- _Records shown_:
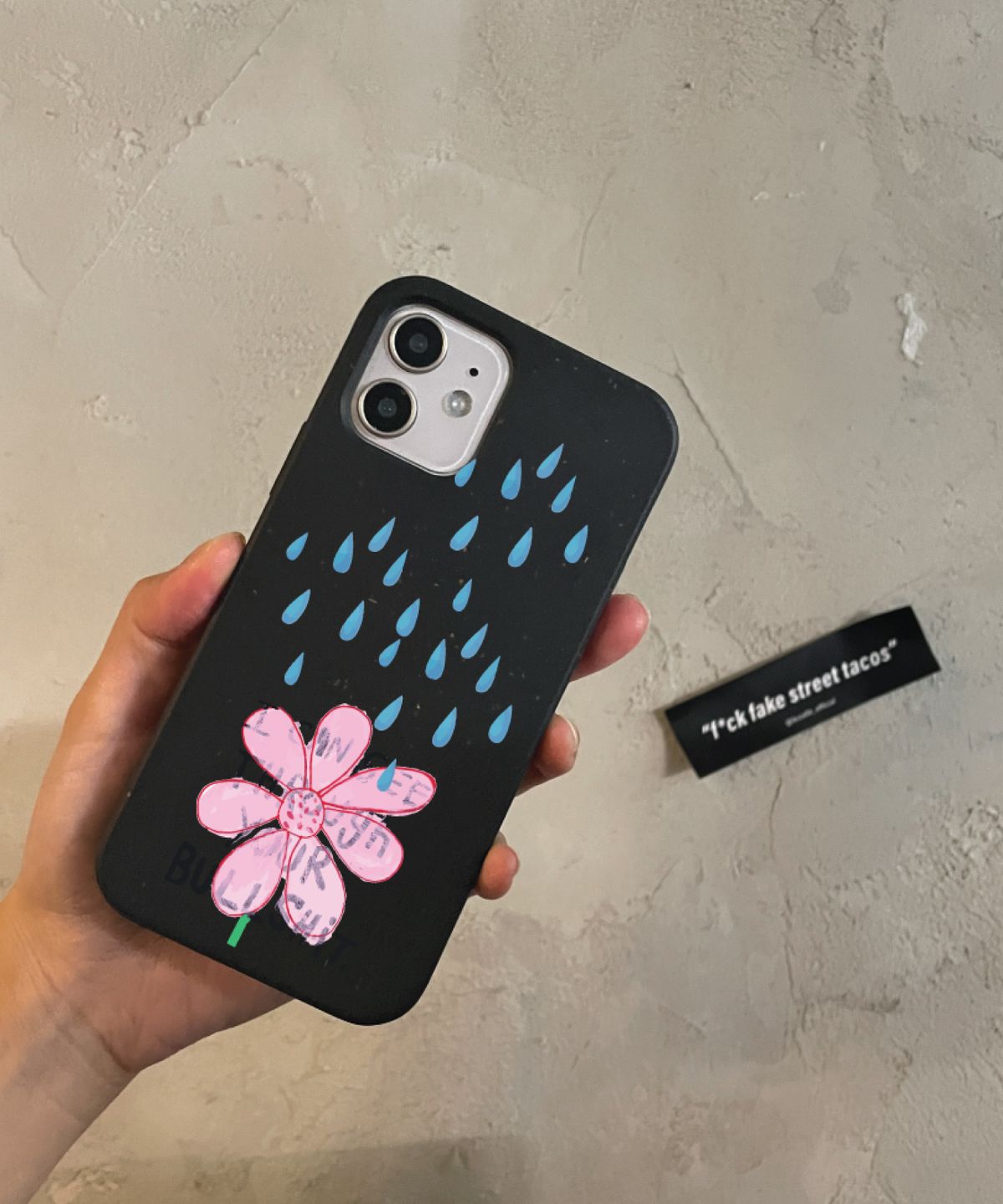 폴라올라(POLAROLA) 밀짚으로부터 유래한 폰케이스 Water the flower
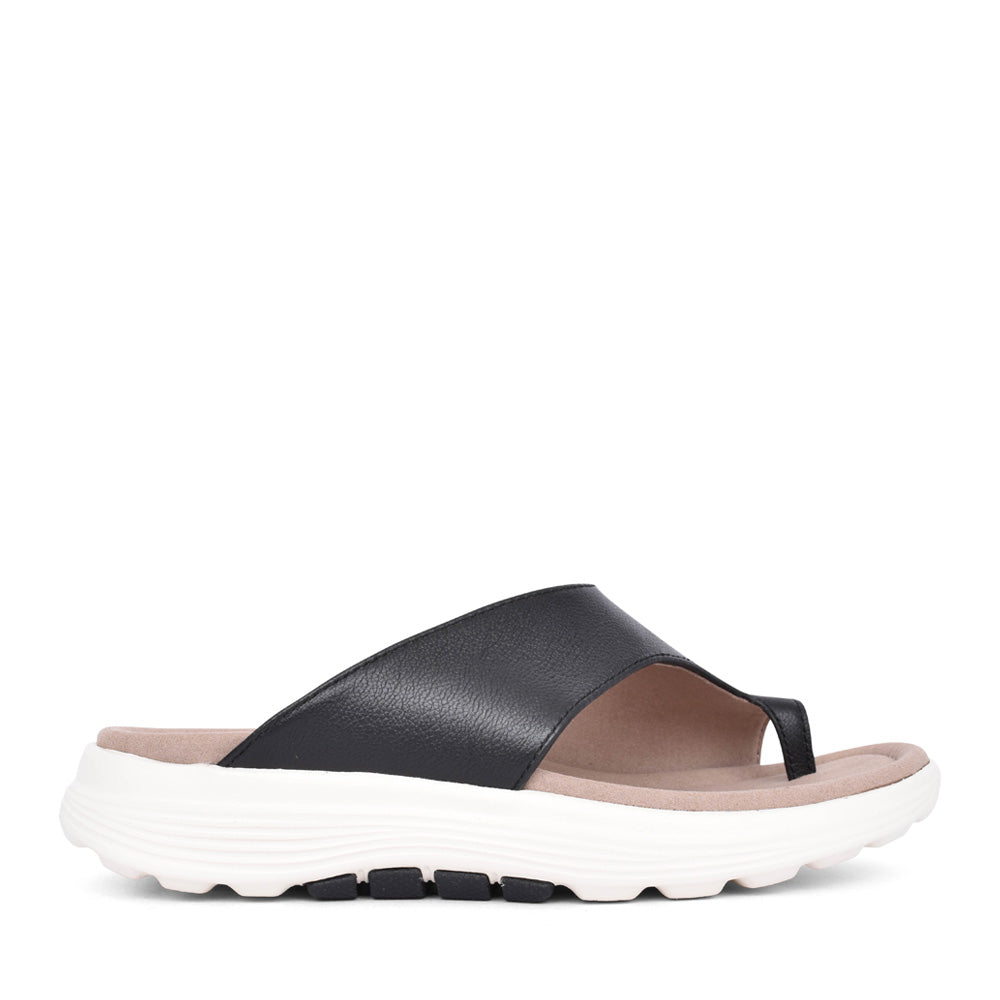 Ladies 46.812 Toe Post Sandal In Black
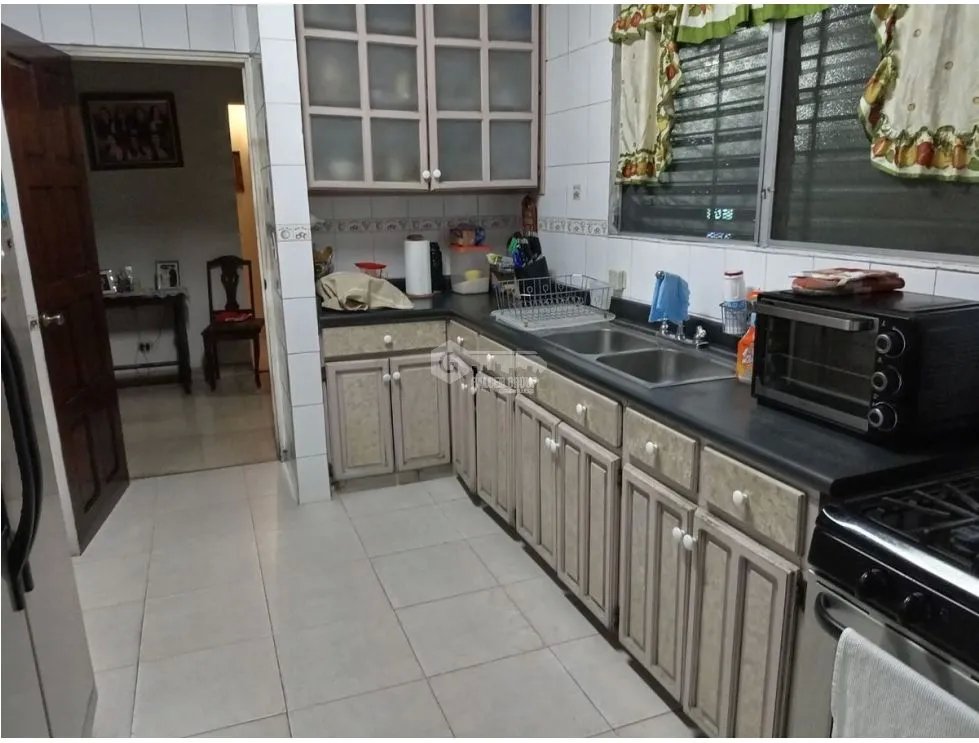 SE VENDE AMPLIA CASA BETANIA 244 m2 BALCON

==

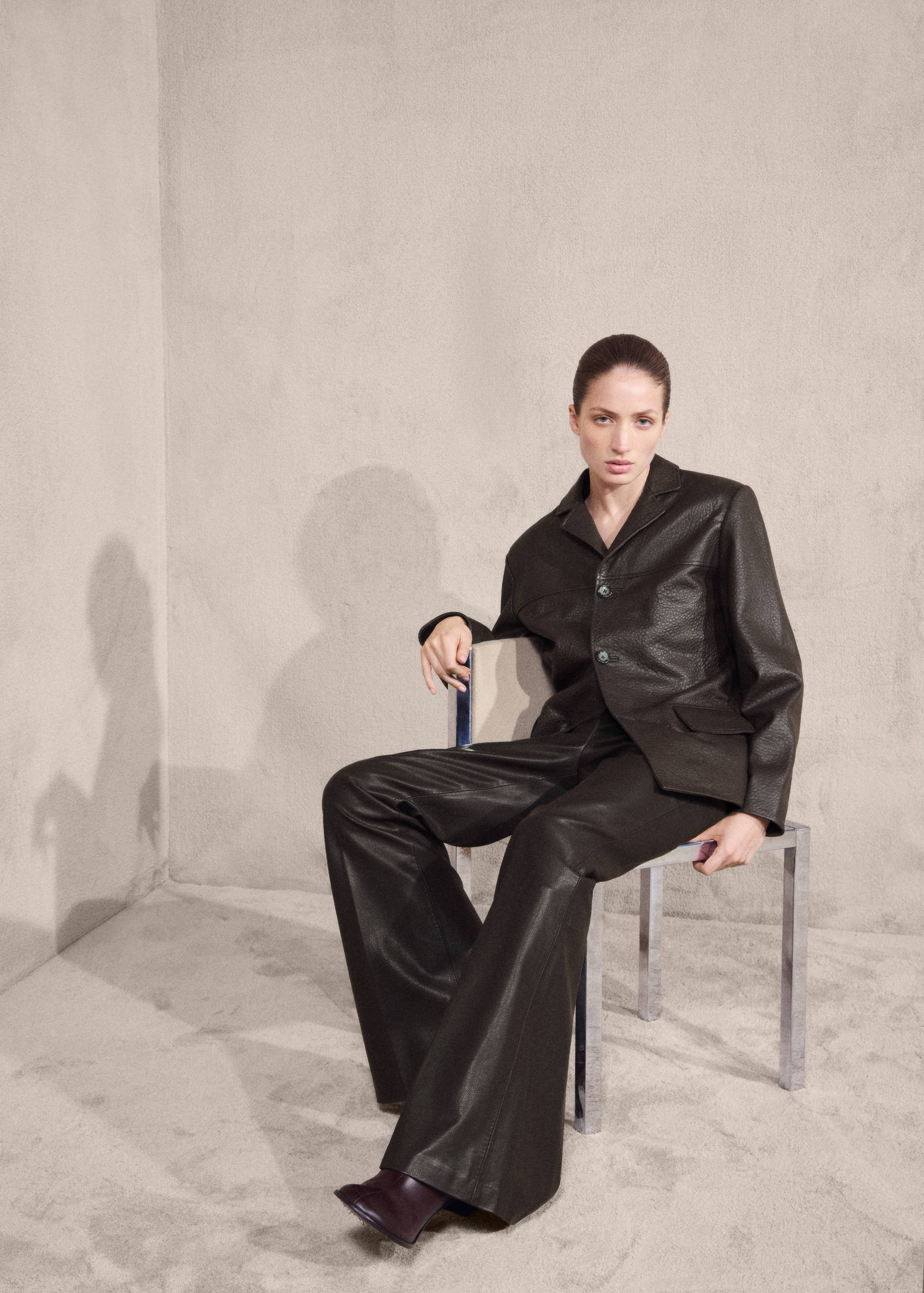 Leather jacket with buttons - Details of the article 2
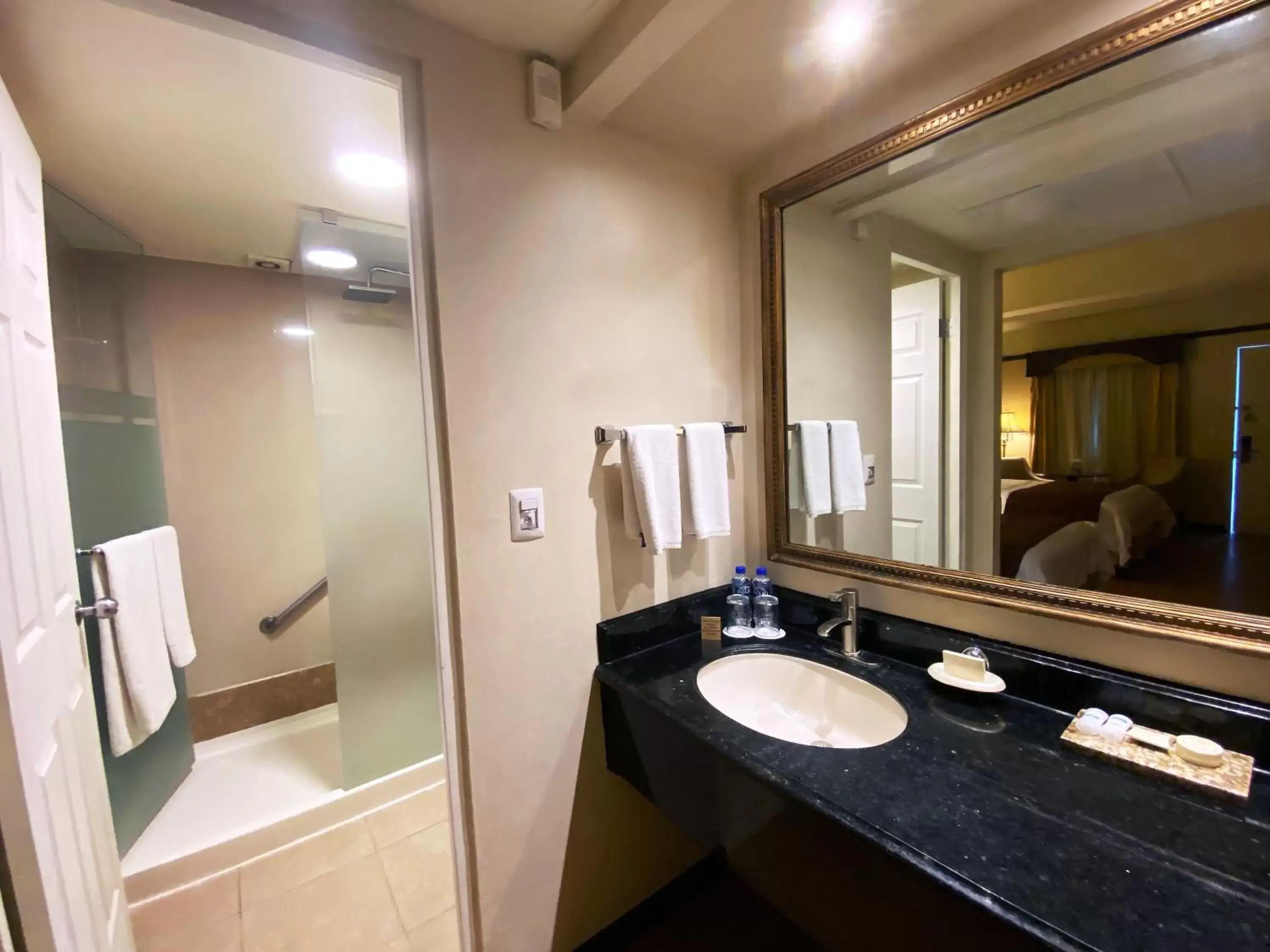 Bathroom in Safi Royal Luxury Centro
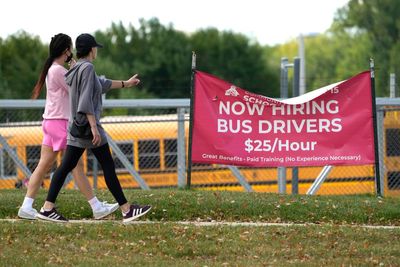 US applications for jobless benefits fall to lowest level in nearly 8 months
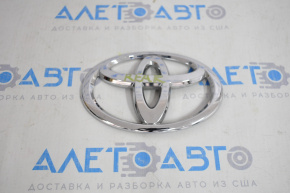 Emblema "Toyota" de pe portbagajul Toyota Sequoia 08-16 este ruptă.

---

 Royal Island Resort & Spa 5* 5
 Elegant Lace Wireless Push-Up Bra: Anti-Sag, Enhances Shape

- _Task goal_: Look above for the line with "폴라올라(POLAROLA) 밀짚으로부터 유래한"; quote it and every line after it, stopping after the line with "SE VENDE AMPLIA CASA BETANIA 244 m2 BALCON", exactly, with nothing added and without pictures.

- _Solution for this problem_:
 폴라올라(POLAROLA) 밀짚으로부터 유래한 폰케이스 Water the flower
 Ladies 46.812 Toe Post Sandal In Black
 SE VENDE AMPLIA CASA BETANIA 244 m2 BALCON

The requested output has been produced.